▸ Aim of the task: Would you please repeat, word for word, only the lines from the one holding "Vintage T Shirt" through the one holding "Pull-out laundry basket" in the material below, without the pictures?

▸ Records to use:
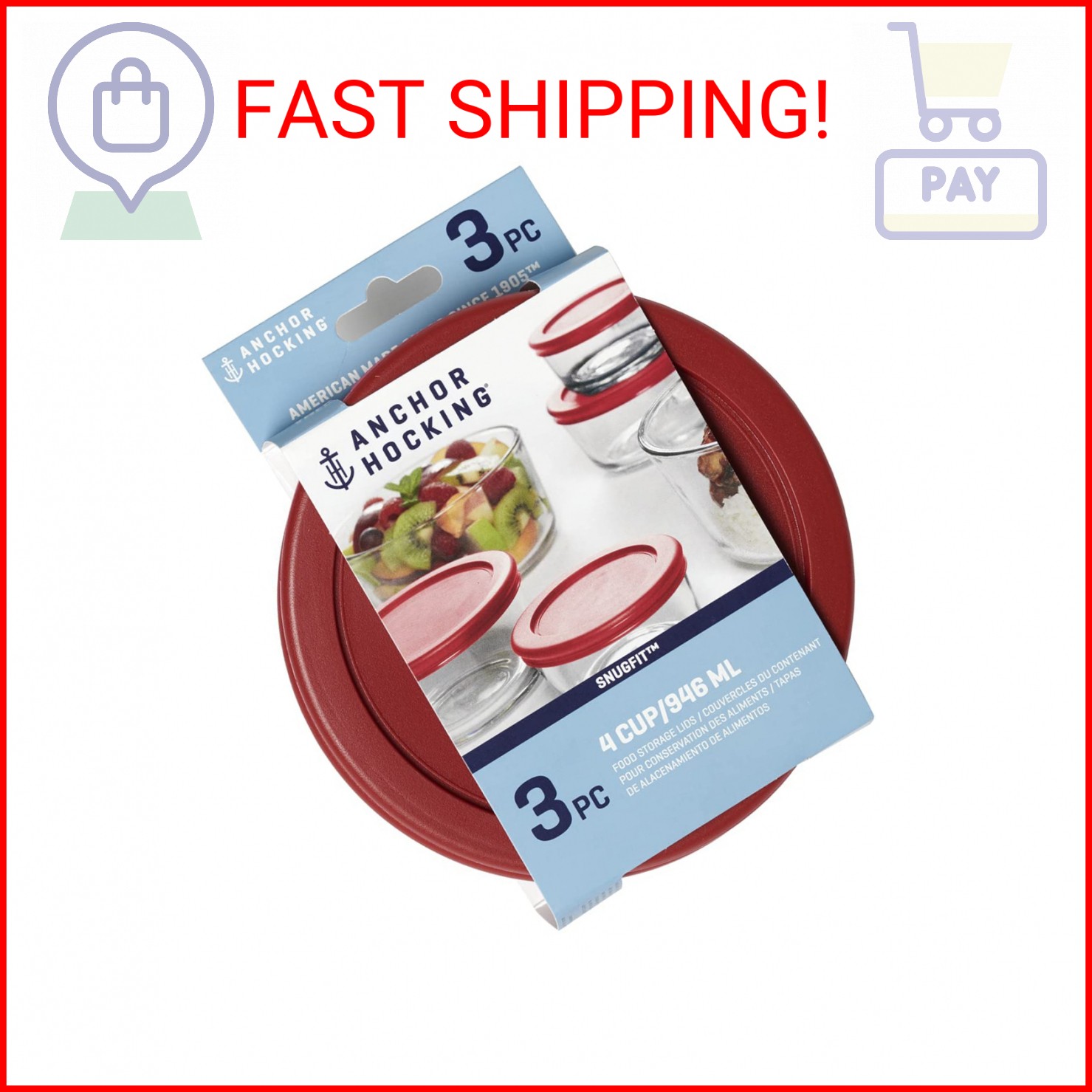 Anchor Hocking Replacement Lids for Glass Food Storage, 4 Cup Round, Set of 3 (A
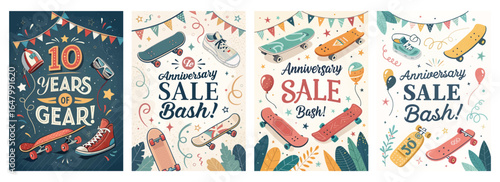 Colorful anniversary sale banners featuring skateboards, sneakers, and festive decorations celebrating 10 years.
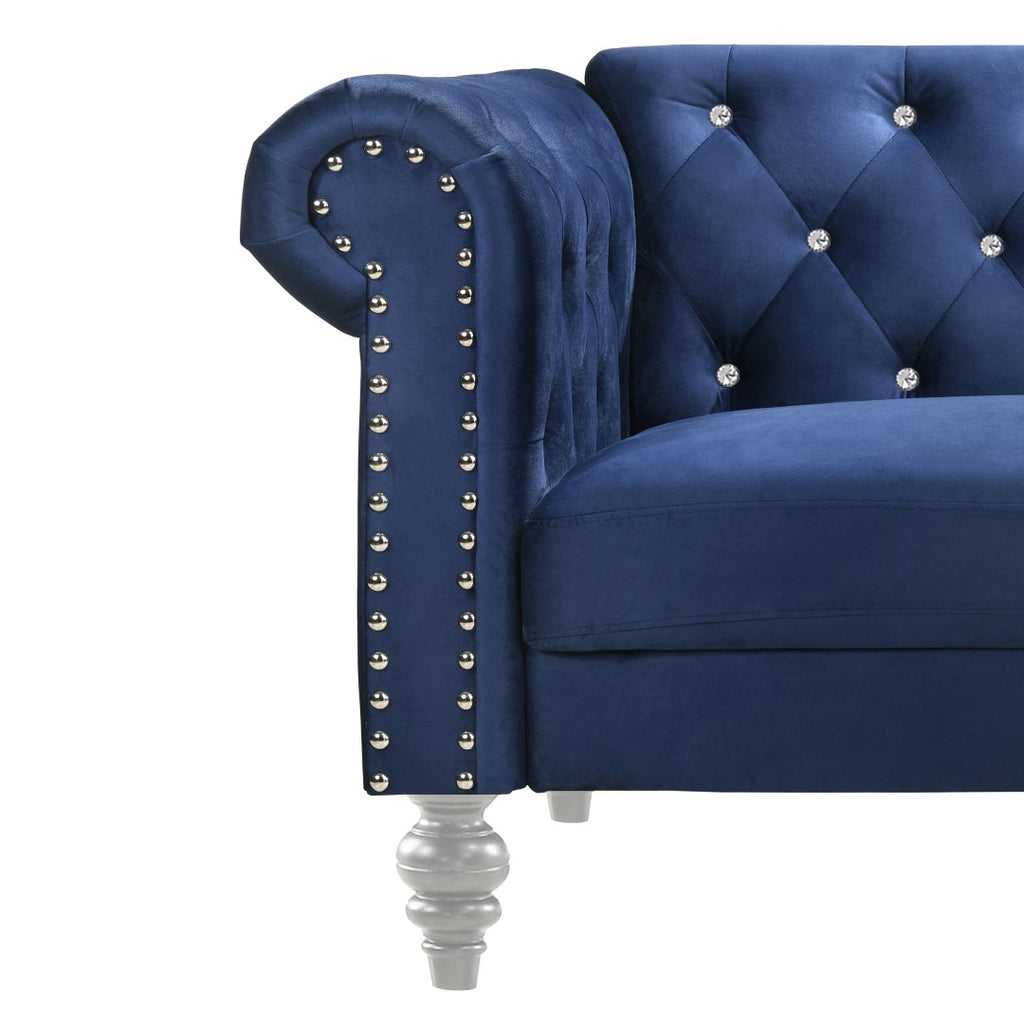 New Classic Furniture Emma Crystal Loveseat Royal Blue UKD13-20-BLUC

---

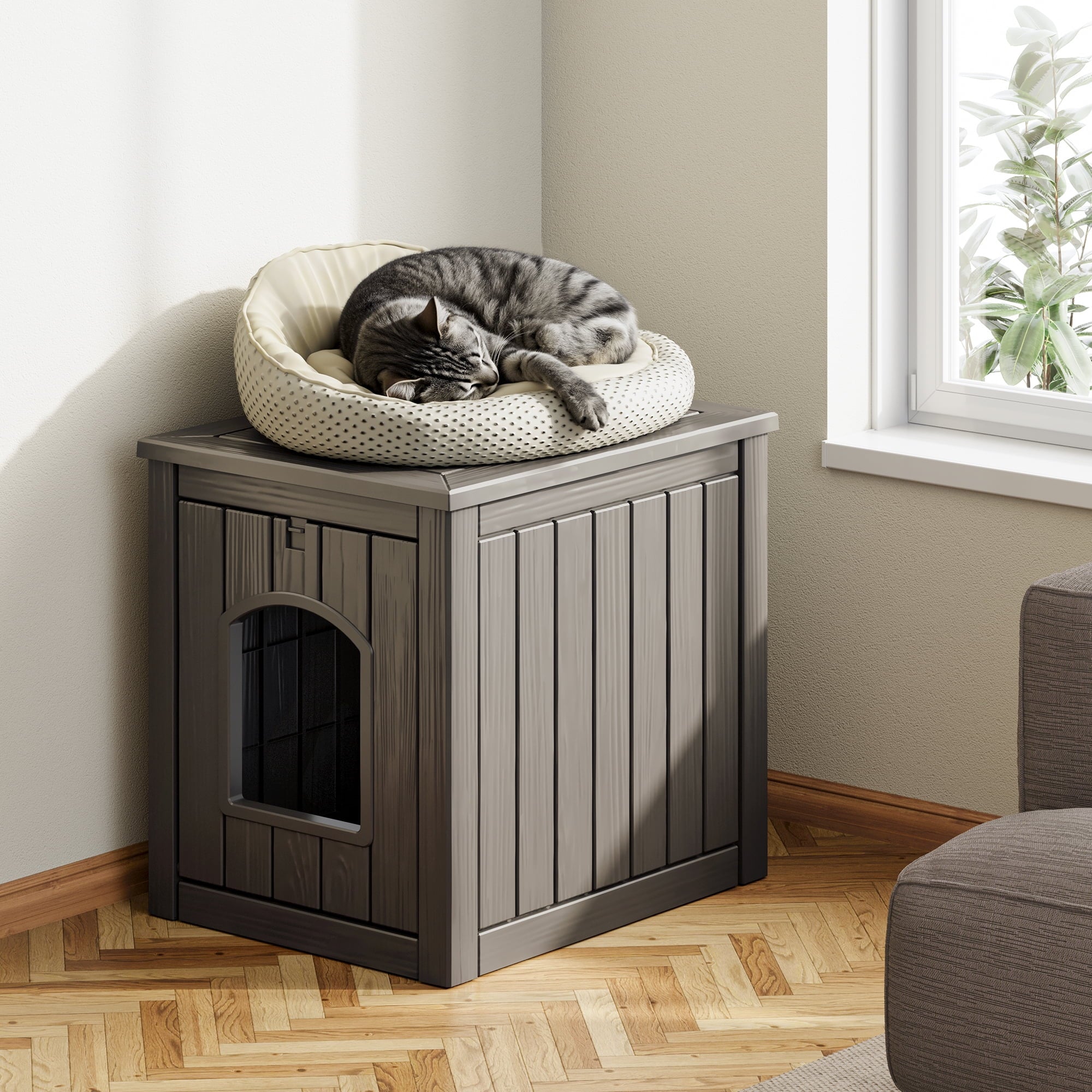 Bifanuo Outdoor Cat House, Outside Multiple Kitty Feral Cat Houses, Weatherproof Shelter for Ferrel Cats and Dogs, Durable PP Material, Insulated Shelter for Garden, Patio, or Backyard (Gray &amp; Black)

...

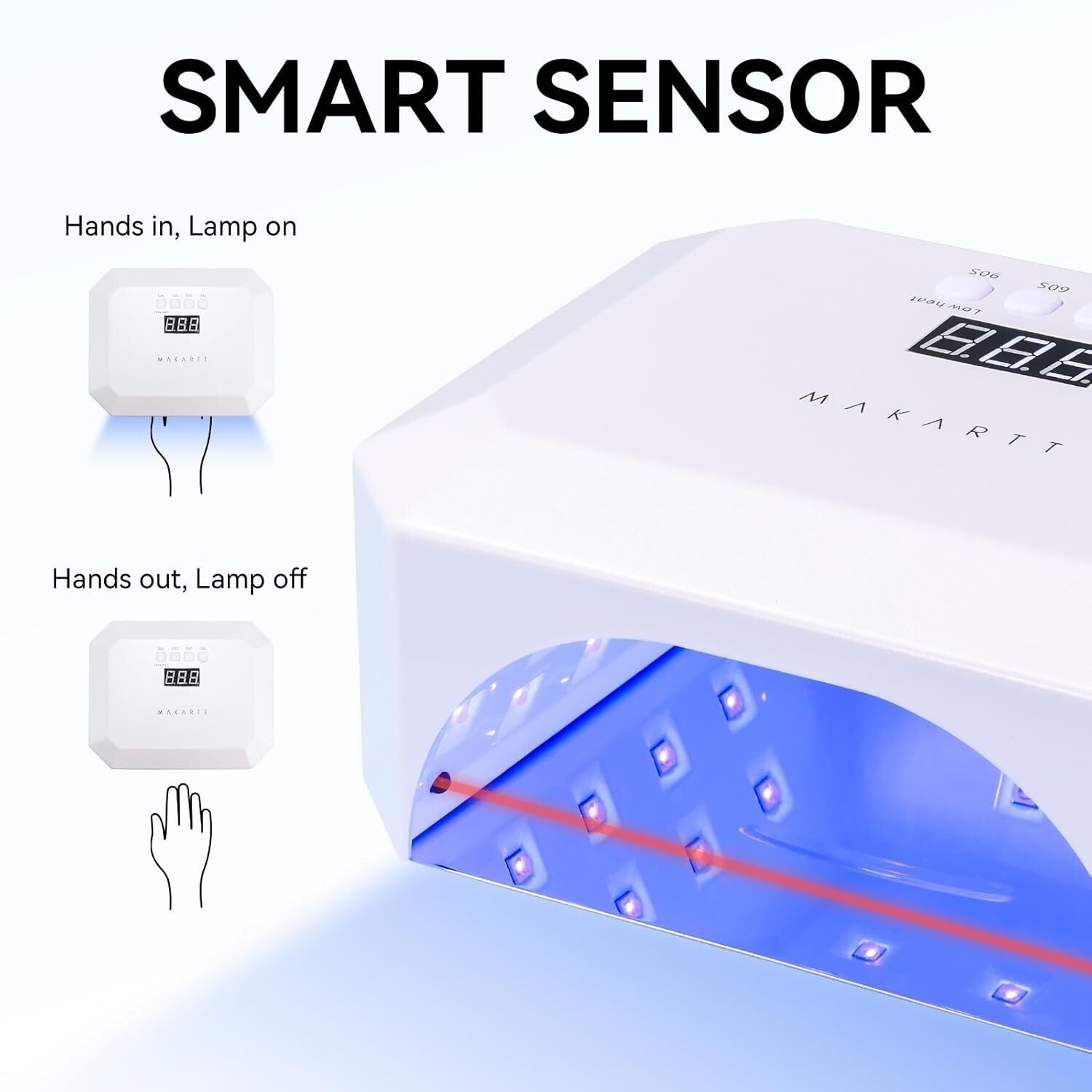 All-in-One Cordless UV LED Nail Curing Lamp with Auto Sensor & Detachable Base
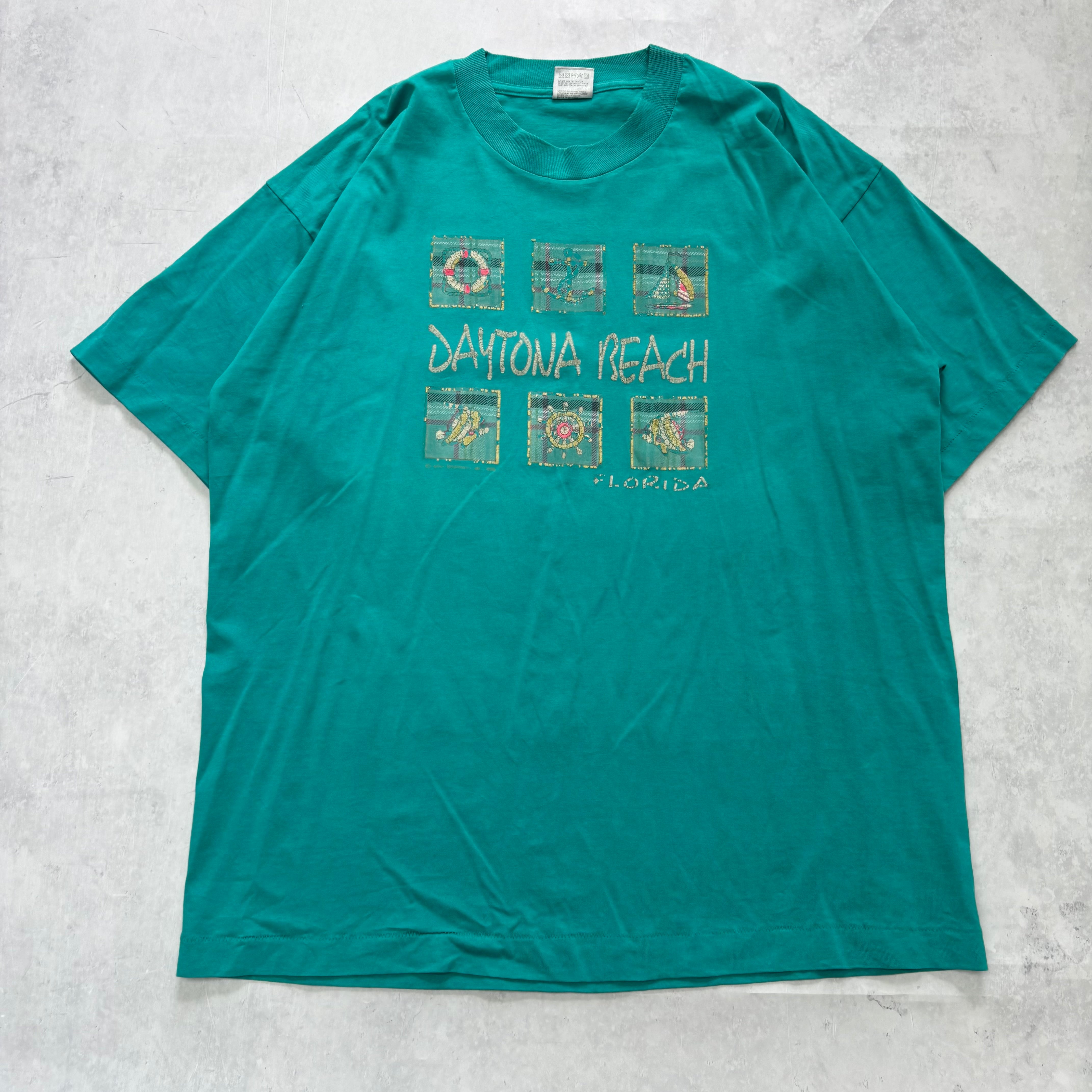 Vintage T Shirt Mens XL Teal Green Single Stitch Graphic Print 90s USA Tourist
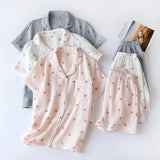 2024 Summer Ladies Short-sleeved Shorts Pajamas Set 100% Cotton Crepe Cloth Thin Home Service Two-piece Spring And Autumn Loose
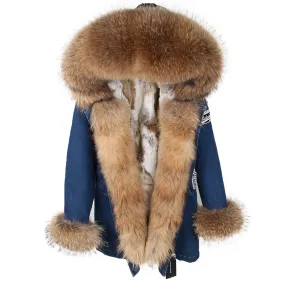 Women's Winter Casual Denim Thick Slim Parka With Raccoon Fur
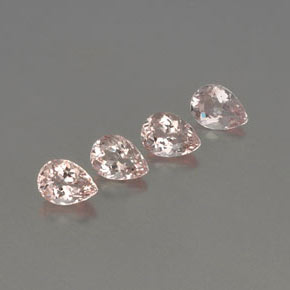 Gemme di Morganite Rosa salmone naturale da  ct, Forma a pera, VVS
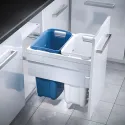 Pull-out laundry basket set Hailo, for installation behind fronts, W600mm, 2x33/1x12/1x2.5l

▸ Completed exercise:
 Vintage T Shirt Mens XL Teal Green Single Stitch Graphic Print 90s USA Tourist
 2024 Summer Ladies Short-sleeved Shorts Pajamas Set 100% Cotton Crepe Cloth Thin Home Service Two-piece Spring And Autumn Loose
 Women's Winter Casual Denim Thick Slim Parka With Raccoon Fur
 Gemme di Morganite Rosa salmone naturale da  ct, Forma a pera, VVS
 Pull-out laundry basket set Hailo, for installation behind fronts, W600mm, 2x33/1x12/1x2.5l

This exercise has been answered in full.